**Problem description**
An exact, complete copy of the entries is what is needed.

**Stored items from a collection**
● ● ● ● ● ● ●

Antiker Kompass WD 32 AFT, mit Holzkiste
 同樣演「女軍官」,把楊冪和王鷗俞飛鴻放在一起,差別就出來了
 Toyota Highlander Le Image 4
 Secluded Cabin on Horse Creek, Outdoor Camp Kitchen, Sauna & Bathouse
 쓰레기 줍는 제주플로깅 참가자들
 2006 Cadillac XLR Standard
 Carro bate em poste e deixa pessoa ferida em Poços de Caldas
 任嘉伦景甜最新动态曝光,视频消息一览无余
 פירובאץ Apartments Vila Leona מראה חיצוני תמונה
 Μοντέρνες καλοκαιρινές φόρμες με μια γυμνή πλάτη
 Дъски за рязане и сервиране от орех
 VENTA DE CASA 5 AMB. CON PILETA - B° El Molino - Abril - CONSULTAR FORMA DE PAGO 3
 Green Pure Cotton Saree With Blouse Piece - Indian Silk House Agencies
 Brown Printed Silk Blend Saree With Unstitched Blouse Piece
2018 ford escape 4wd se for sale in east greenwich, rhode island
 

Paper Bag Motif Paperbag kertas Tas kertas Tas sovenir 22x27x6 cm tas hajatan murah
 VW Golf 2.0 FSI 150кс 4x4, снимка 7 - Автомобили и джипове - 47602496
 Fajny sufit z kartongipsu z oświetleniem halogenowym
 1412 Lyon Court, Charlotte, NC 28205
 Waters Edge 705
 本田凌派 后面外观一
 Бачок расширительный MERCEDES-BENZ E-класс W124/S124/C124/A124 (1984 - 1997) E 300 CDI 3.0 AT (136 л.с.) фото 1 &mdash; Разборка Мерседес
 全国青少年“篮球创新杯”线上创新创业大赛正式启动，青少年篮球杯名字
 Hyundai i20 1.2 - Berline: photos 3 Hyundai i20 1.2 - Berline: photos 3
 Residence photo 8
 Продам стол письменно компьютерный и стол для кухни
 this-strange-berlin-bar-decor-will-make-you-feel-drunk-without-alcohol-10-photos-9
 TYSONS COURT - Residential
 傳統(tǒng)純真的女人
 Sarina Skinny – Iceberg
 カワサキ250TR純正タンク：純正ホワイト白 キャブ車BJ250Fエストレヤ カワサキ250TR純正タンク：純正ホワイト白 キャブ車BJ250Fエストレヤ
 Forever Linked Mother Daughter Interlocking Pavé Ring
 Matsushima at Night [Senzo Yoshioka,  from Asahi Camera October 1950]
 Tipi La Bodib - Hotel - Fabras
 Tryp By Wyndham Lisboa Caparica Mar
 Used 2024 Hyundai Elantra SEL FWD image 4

● ● ● ● ● ● ●

**Answer to the exercise**
Antiker Kompass WD 32 AFT, mit Holzkiste
 同樣演「女軍官」,把楊冪和王鷗俞飛鴻放在一起,差別就出來了
 Toyota Highlander Le Image 4
 Secluded Cabin on Horse Creek, Outdoor Camp Kitchen, Sauna & Bathouse
 쓰레기 줍는 제주플로깅 참가자들
 2006 Cadillac XLR Standard
 Carro bate em poste e deixa pessoa ferida em Poços de Caldas
 任嘉伦景甜最新动态曝光,视频消息一览无余
 פירובאץ Apartments Vila Leona מראה חיצוני תמונה
 Μοντέρνες καλοκαιρινές φόρμες με μια γυμνή πλάτη
 Дъски за рязане и сервиране от орех
 VENTA DE CASA 5 AMB. CON PILETA - B° El Molino - Abril - CONSULTAR FORMA DE PAGO 3
 Green Pure Cotton Saree With Blouse Piece - Indian Silk House Agencies
 Brown Printed Silk Blend Saree With Unstitched Blouse Piece
2018 ford escape 4wd se for sale in east greenwich, rhode island
 

Paper Bag Motif Paperbag kertas Tas kertas Tas sovenir 22x27x6 cm tas hajatan murah
 VW Golf 2.0 FSI 150кс 4x4, снимка 7 - Автомобили и джипове - 47602496
 Fajny sufit z kartongipsu z oświetleniem halogenowym
 1412 Lyon Court, Charlotte, NC 28205
 Waters Edge 705
 本田凌派 后面外观一
 Бачок расширительный MERCEDES-BENZ E-класс W124/S124/C124/A124 (1984 - 1997) E 300 CDI 3.0 AT (136 л.с.) фото 1 &mdash; Разборка Мерседес
 全国青少年“篮球创新杯”线上创新创业大赛正式启动，青少年篮球杯名字
 Hyundai i20 1.2 - Berline: photos 3 Hyundai i20 1.2 - Berline: photos 3
 Residence photo 8
 Продам стол письменно компьютерный и стол для кухни
 this-strange-berlin-bar-decor-will-make-you-feel-drunk-without-alcohol-10-photos-9
 TYSONS COURT - Residential
 傳統(tǒng)純真的女人
 Sarina Skinny – Iceberg
 カワサキ250TR純正タンク：純正ホワイト白 キャブ車BJ250Fエストレヤ カワサキ250TR純正タンク：純正ホワイト白 キャブ車BJ250Fエストレヤ
 Forever Linked Mother Daughter Interlocking Pavé Ring
 Matsushima at Night [Senzo Yoshioka,  from Asahi Camera October 1950]
 Tipi La Bodib - Hotel - Fabras
 Tryp By Wyndham Lisboa Caparica Mar
 Used 2024 Hyundai Elantra SEL FWD image 4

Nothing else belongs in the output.